**RECORDED INFORMATION:**
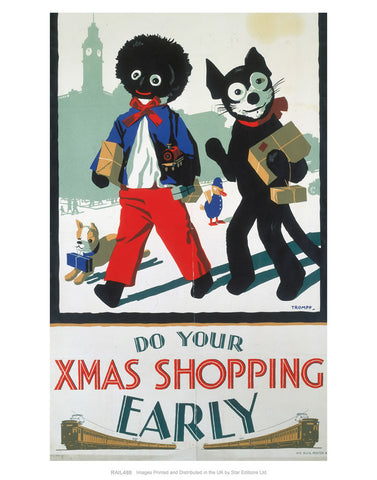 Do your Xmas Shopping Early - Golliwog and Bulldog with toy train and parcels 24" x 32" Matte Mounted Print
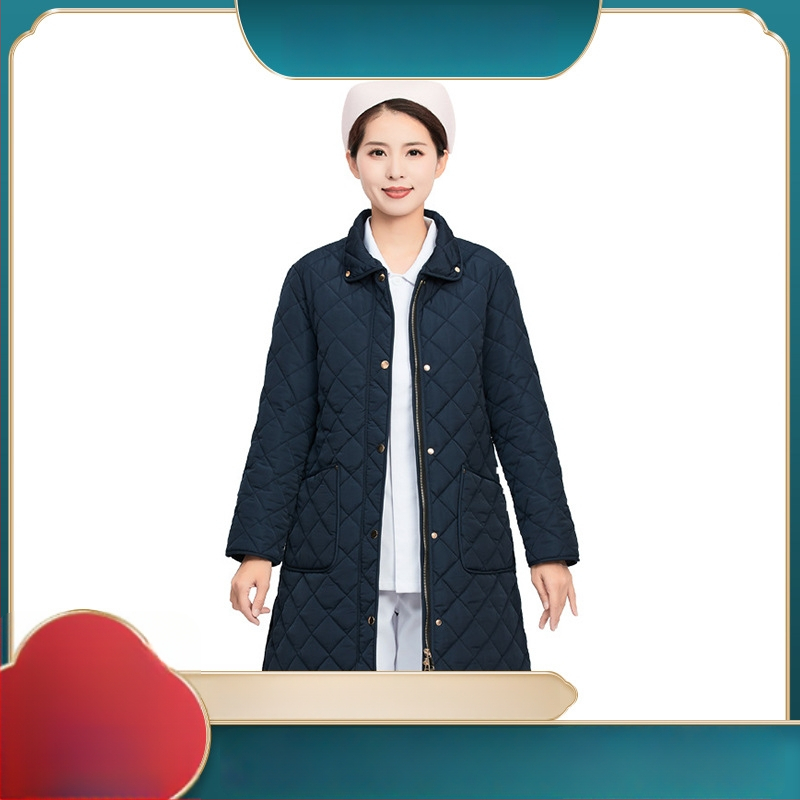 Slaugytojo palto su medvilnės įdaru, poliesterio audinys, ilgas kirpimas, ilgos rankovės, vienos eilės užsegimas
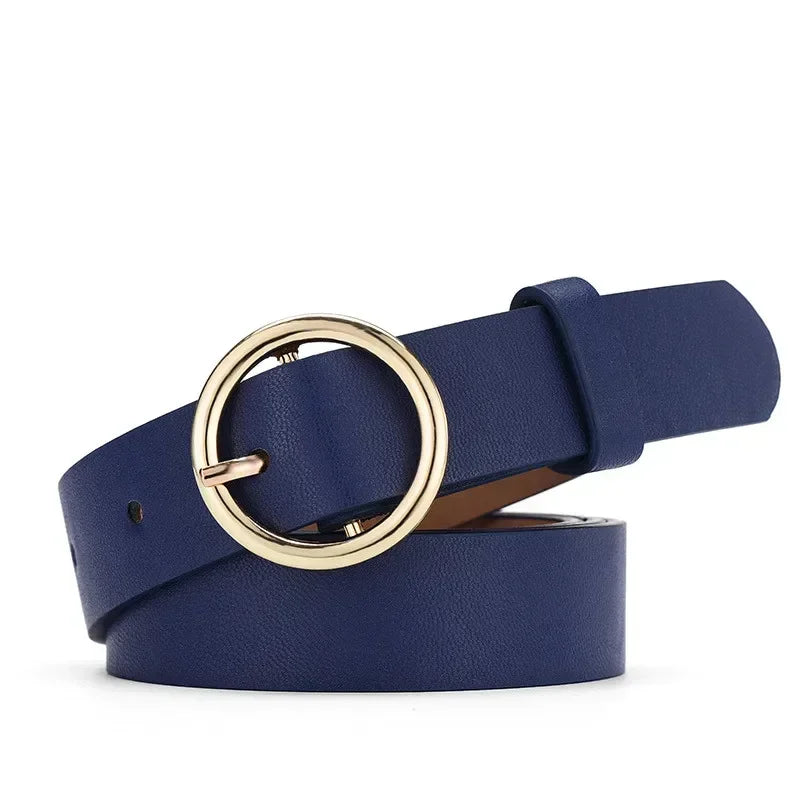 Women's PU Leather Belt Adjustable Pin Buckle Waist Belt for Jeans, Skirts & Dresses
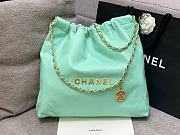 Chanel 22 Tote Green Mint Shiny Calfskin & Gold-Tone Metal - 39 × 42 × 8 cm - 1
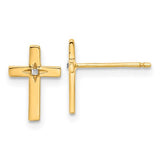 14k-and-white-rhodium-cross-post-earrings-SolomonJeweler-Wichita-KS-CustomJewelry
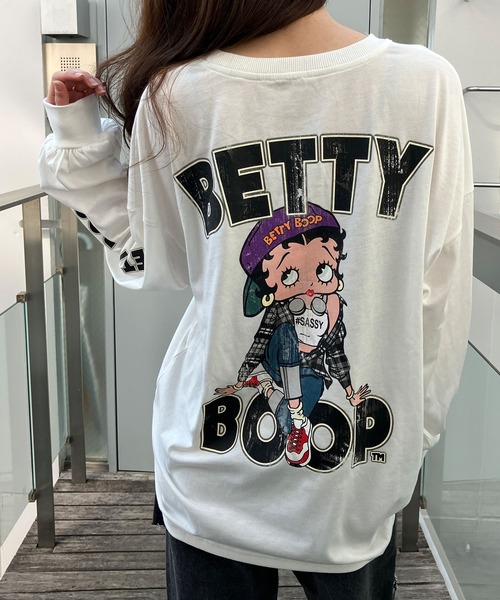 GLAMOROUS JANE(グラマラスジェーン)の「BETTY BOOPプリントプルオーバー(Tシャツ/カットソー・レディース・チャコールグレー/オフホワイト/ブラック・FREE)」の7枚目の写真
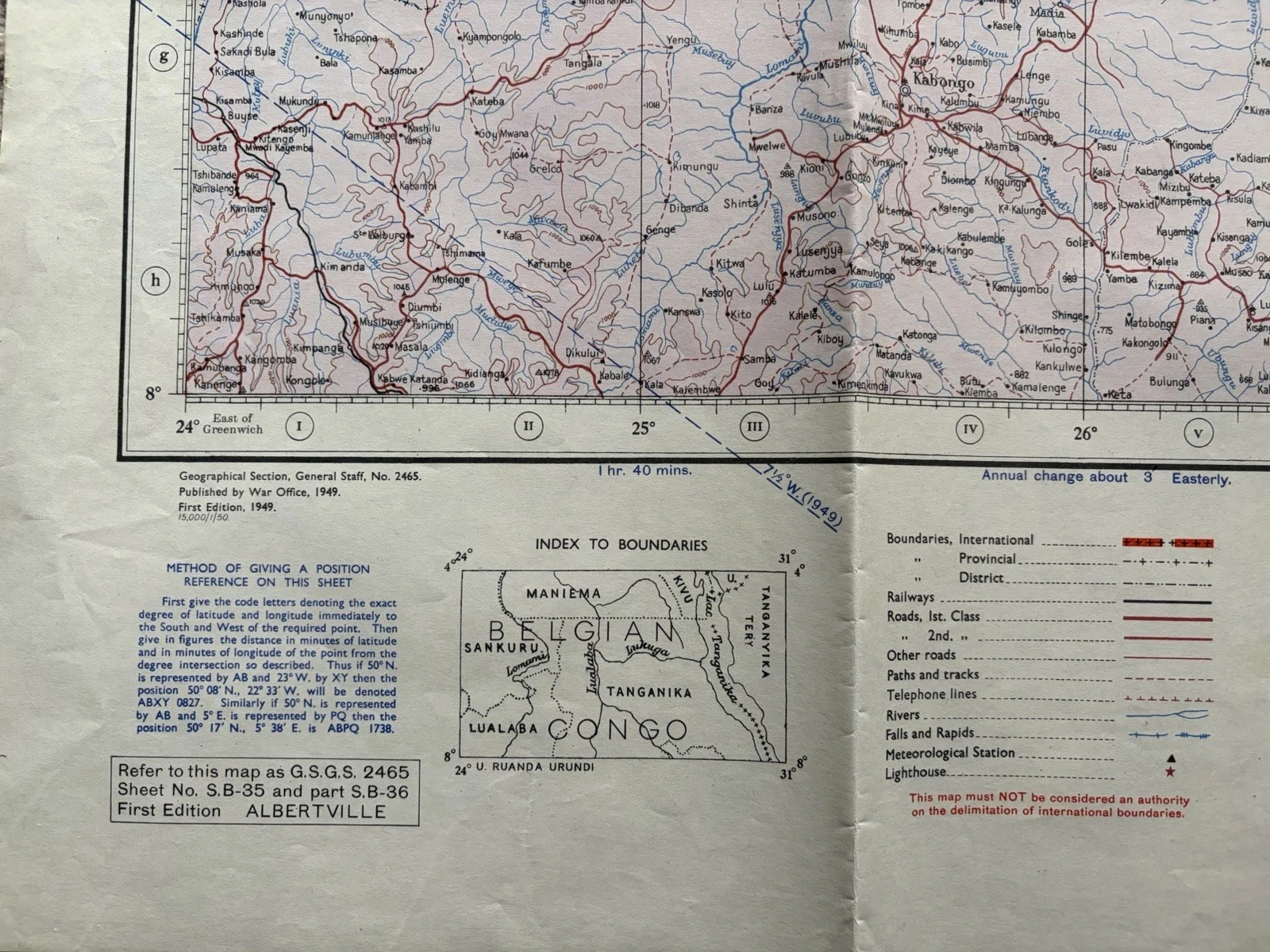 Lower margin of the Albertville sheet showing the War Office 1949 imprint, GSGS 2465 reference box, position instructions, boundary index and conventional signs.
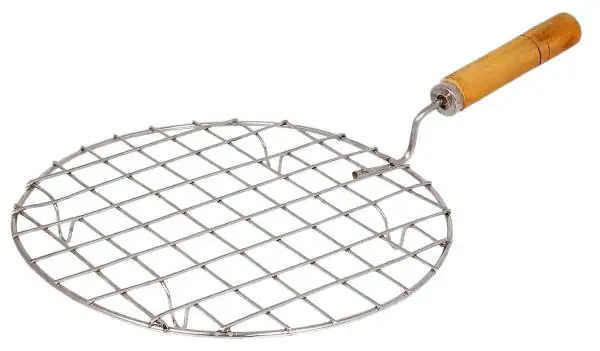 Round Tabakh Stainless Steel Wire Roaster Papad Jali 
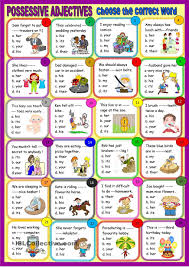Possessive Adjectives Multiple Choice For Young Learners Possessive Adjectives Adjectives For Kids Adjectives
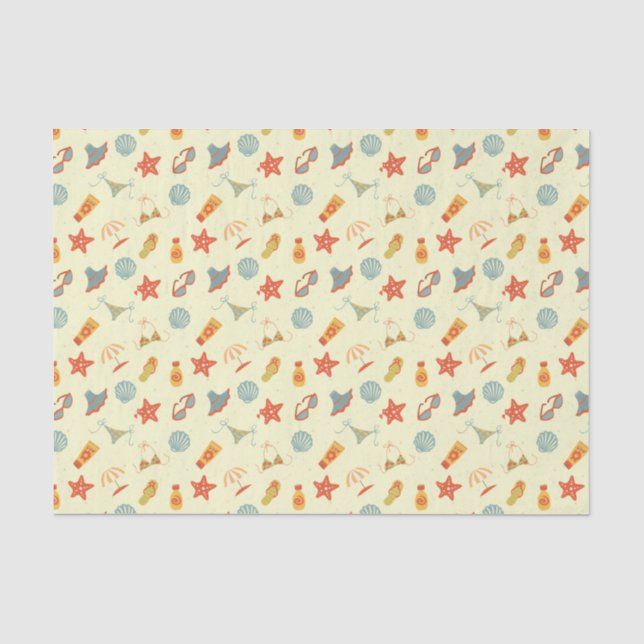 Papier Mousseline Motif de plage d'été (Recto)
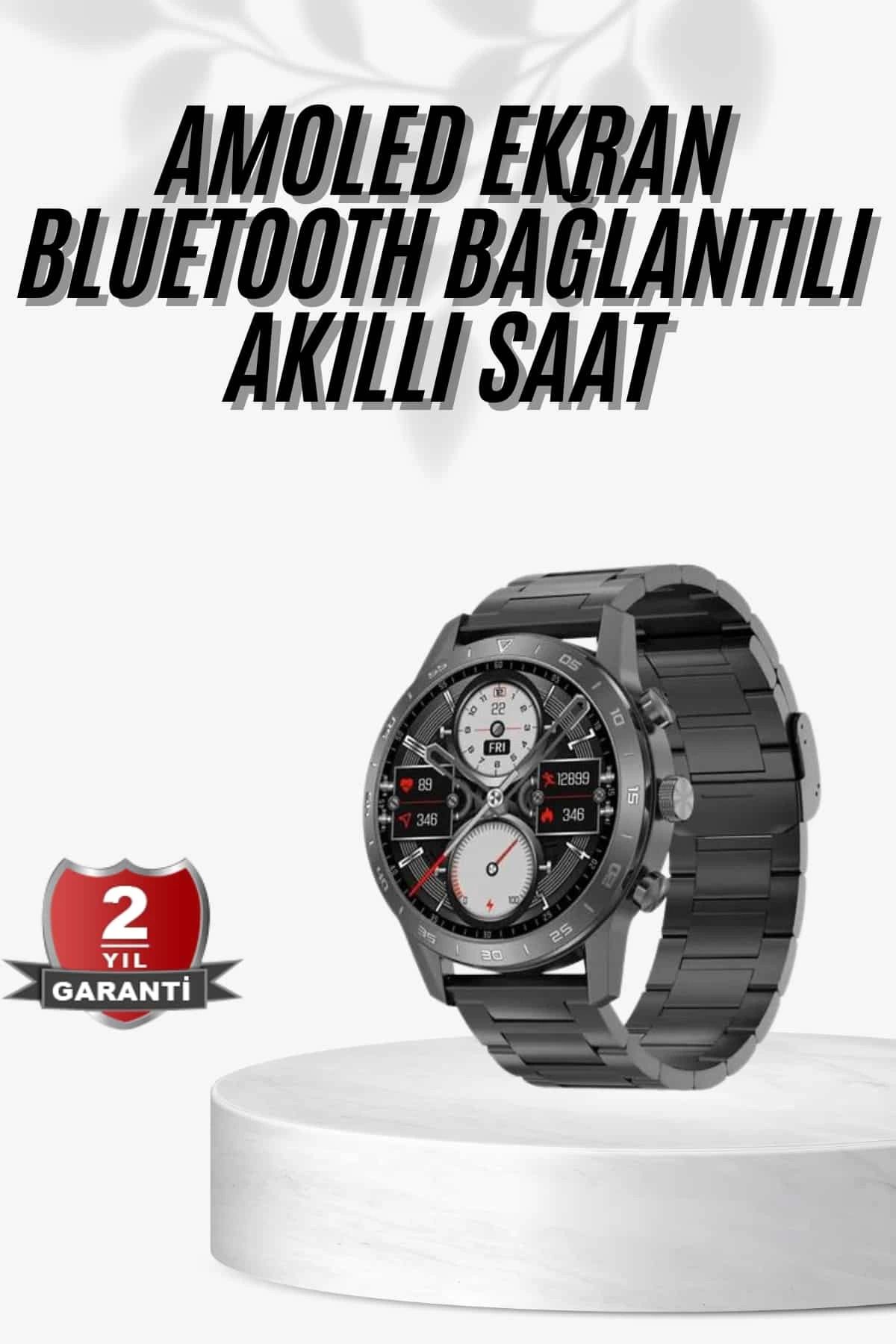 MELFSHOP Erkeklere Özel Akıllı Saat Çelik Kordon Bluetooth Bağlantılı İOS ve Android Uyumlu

**YOUR TASK:** With the pictures left out, copy exactly the lines from the one containing "Possessive Adjectives Multiple" through the last line of the data.

**SOLUTION BELOW:**
Possessive Adjectives Multiple Choice For Young Learners Possessive Adjectives Adjectives For Kids Adjectives
 Papier Mousseline Motif de plage d'été (Recto)
 MELFSHOP Erkeklere Özel Akıllı Saat Çelik Kordon Bluetooth Bağlantılı İOS ve Android Uyumlu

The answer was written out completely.